Magazin Wirtschaft

Die Region greift nach den Sternen

Transformation ist das Stichwort: Die Automotive-Branche wird den Strukturwandel meistern, dürfte die Region aber nicht mehr so stark dominieren wie in den vergangenen Jahrzehnten. Andere Hoch­technologiebranchen gewinnen an Bedeutung – etwa die Luft- und Raumfahrttechnik.
Dies zeigen die Zahlen des Wirtschaftsministeriums: Demnach beschäftigt die Branche in Baden-Württemberg rund 16.000 Menschen und erwirtschaftet einen Umsatz von über fünf Milliarden Euro pro Jahr. Davon werden 17,5 Prozent wieder in Forschung und Entwicklung investiert. „Es ist viel zu wenig bekannt, wie stark wir in der Luft- und Raumfahrt bereits jetzt sind“, sagt IHK-Präsident Claus Paal. „Und das Potenzial ist mit Sicherheit noch viel größer.“ Besonders für Unternehmen, die bisher fast ausschließlich von der Automobilindustrie abhängig sind, biete dieser stark wachsende Sektor eine Chance, so Paal.
Rigo-Geschäftsführer Angel Canadas mit einem Präzisionsteil für eine Forschungsmission.
Es gibt in der Region Stuttgart Unternehmen, die diese Chance schon vor Jahren beim Schopf gepackt haben.
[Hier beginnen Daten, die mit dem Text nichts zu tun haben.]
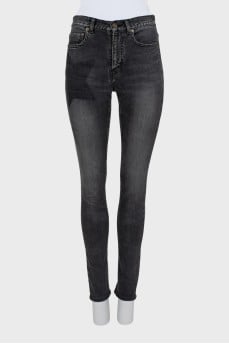 Чорні джинси skinny fit з принтом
Zum Beispiel die Rigo GmbH in Sersheim bei Vaihingen/Enz. „Wenn heute immer wieder von Transformation der Industrie die Rede ist, und dass die Abhängigkeit unserer Region vom Automotive-Sektor reduziert werden muss, kann ich nur sagen: Diesen Weg haben wir erfolgreich eingeschlagen“, sagt Geschäftsführer Angel Canadas.
Mehr als drei Jahrzehnte fertigte das Unternehmen Präzisionsteile für die Automobilindustrie und den Maschinenbau. Heute ist Rigo ein hochinnovativer Zulieferer für die Raumfahrt und laut Canadas als einziges Unternehmen in Deutschland in der Lage, Beryllium-Aluminium-Legierungen in der für die Branche notwendigen Präzision zu bearbeiten. Dieses Material ist 30 Prozent leichter als reines Aluminium und hat dabei eine sehr hohe Stabilität – Eigenschaften, die in Satelliten und Raketen geschätzt werden, weil jedes Gramm weniger wertvollen Treibstoff spart. Obendrein erträgt die Metalllegierung sehr hohe Temperaturschwankungen, ohne ihre Form zu verändern. Im Weltraum, wo es sowohl 200 Grad kalt als auch mehrere hundert Grad heiß werden kann, ist das ein klarer Vorteil.
Präzisionsteile aus Sersheim sind denn auch bei zahlreichen Raummissionen von NASA und ESA dabei. Etwa zum Mars (InSight, ExoMars) oder zu den Jupitermonden (JUICE). Für die BepiColombo-Mission zum Merkur lieferte Rigo die Mechanik für einige Instrumente, bestehend aus einer Legierung von 62 Prozent ­Beryllium und 38 Prozent Aluminium.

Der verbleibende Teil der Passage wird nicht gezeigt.